▶ **Material to process**
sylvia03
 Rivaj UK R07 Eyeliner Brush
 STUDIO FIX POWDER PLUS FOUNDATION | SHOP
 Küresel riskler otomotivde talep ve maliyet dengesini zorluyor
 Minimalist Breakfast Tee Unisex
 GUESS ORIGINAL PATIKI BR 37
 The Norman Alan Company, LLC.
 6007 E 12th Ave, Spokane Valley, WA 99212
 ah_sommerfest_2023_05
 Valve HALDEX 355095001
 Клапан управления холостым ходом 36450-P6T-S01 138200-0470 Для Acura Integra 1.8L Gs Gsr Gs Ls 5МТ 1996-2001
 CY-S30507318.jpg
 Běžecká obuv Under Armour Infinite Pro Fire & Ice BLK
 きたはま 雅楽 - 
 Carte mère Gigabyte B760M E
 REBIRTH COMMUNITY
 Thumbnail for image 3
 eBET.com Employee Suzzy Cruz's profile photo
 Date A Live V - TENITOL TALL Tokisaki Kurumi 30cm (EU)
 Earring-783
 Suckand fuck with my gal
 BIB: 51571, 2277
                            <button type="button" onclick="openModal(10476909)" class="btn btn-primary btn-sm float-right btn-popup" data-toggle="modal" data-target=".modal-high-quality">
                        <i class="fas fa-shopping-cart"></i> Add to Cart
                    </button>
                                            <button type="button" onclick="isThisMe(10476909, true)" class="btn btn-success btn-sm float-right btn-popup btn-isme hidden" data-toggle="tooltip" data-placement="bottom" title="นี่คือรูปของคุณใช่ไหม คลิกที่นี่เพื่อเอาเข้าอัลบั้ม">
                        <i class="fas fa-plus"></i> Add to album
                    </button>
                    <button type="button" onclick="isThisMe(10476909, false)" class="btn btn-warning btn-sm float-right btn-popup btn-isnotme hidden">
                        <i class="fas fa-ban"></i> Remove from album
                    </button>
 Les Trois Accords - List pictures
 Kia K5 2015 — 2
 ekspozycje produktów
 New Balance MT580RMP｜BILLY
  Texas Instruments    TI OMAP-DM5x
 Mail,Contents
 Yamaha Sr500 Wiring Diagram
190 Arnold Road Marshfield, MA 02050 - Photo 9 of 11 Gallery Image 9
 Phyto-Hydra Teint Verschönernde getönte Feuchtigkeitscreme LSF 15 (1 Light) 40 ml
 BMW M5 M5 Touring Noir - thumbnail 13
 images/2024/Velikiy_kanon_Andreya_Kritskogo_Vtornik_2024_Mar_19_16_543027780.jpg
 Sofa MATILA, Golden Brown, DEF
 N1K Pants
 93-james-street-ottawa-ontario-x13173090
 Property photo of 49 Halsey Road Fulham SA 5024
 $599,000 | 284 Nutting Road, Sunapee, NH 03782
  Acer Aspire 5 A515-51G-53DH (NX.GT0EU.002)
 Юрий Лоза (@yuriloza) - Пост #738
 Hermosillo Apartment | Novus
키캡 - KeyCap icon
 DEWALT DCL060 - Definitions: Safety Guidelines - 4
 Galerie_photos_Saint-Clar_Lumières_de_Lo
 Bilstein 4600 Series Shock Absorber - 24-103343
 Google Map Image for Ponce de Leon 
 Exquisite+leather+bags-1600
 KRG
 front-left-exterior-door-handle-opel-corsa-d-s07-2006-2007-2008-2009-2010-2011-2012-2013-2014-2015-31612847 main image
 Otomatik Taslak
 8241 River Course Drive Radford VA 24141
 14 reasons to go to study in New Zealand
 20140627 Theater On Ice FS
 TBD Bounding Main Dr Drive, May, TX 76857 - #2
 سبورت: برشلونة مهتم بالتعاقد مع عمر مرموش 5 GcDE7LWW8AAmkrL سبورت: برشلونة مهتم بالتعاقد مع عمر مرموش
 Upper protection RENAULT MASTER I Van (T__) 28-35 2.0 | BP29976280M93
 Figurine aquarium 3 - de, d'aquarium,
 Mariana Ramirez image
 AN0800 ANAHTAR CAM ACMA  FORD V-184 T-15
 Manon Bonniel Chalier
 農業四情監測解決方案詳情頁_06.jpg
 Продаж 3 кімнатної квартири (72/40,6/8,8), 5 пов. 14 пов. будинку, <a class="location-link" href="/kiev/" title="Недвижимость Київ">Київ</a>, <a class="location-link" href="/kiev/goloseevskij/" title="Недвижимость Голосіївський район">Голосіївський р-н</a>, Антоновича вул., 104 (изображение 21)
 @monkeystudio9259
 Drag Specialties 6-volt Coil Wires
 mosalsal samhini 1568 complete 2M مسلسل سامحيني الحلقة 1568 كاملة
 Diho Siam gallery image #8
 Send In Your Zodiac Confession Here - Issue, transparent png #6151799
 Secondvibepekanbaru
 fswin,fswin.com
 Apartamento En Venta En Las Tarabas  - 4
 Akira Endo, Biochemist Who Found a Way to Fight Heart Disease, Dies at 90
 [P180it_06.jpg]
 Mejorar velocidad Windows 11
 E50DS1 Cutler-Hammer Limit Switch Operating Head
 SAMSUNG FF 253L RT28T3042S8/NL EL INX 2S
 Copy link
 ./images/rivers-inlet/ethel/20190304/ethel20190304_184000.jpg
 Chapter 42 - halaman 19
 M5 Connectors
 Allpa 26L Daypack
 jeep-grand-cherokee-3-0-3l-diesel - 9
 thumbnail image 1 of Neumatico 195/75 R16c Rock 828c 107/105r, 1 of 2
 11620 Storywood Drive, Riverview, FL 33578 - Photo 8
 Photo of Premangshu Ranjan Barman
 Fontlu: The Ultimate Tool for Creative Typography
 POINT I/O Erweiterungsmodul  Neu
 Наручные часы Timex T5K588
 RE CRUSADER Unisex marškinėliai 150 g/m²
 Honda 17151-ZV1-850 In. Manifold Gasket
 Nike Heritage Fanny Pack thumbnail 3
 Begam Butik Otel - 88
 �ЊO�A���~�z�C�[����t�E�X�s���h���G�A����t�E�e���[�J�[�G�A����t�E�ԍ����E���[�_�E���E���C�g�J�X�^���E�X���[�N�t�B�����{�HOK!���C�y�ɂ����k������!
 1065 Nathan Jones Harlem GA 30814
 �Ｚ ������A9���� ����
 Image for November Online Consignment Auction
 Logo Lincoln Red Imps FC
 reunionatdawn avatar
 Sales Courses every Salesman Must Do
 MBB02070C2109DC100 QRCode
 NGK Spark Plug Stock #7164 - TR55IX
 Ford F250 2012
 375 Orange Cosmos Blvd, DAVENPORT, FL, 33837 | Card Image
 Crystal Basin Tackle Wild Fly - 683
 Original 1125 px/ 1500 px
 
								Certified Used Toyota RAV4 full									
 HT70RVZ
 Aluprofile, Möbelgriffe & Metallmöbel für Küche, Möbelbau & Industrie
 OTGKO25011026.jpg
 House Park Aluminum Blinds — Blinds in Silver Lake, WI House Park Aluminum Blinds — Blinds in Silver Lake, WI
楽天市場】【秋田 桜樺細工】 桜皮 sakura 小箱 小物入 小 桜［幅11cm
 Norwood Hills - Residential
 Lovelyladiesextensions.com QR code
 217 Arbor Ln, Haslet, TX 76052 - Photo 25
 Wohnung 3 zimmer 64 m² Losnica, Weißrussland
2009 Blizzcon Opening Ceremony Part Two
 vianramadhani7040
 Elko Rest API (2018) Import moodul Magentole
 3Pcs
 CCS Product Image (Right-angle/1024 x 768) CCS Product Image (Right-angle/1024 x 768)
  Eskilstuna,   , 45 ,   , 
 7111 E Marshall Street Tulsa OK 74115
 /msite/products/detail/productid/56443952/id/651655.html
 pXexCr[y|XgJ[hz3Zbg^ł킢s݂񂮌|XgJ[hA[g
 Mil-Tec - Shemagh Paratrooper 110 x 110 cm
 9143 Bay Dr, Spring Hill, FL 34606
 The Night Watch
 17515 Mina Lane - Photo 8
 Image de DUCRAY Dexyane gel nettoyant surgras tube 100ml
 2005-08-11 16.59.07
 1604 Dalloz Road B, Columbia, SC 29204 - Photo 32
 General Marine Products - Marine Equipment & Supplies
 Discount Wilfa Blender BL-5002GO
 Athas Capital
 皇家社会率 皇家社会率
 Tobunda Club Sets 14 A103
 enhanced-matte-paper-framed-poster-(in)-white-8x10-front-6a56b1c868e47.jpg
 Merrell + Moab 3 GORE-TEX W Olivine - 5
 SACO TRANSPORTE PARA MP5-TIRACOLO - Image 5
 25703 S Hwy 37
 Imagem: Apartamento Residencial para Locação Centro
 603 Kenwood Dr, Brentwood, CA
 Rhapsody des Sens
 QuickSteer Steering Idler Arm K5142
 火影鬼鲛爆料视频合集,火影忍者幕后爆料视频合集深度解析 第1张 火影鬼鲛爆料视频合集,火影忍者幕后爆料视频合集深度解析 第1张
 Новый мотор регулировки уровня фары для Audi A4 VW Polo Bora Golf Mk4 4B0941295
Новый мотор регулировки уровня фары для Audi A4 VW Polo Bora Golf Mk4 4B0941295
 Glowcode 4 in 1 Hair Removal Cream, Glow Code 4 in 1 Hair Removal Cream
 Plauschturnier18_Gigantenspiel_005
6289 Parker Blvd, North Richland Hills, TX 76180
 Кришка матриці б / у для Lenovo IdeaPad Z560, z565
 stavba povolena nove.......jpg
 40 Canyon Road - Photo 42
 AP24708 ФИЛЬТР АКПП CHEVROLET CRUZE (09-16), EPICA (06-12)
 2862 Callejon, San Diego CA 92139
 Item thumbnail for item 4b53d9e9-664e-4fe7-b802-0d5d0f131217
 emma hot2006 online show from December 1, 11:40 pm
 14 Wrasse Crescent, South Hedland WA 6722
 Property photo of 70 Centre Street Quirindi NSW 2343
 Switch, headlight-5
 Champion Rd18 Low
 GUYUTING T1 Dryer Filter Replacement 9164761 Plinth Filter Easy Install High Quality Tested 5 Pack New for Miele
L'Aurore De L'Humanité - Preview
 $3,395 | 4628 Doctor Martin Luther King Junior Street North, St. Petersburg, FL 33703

▶ **Required action**
Show each line from the listing above that includes the word "Apartamento".

▶ **Solution to the exercise**
 Apartamento En Venta En Las Tarabas  - 4
 Imagem: Apartamento Residencial para Locação Centro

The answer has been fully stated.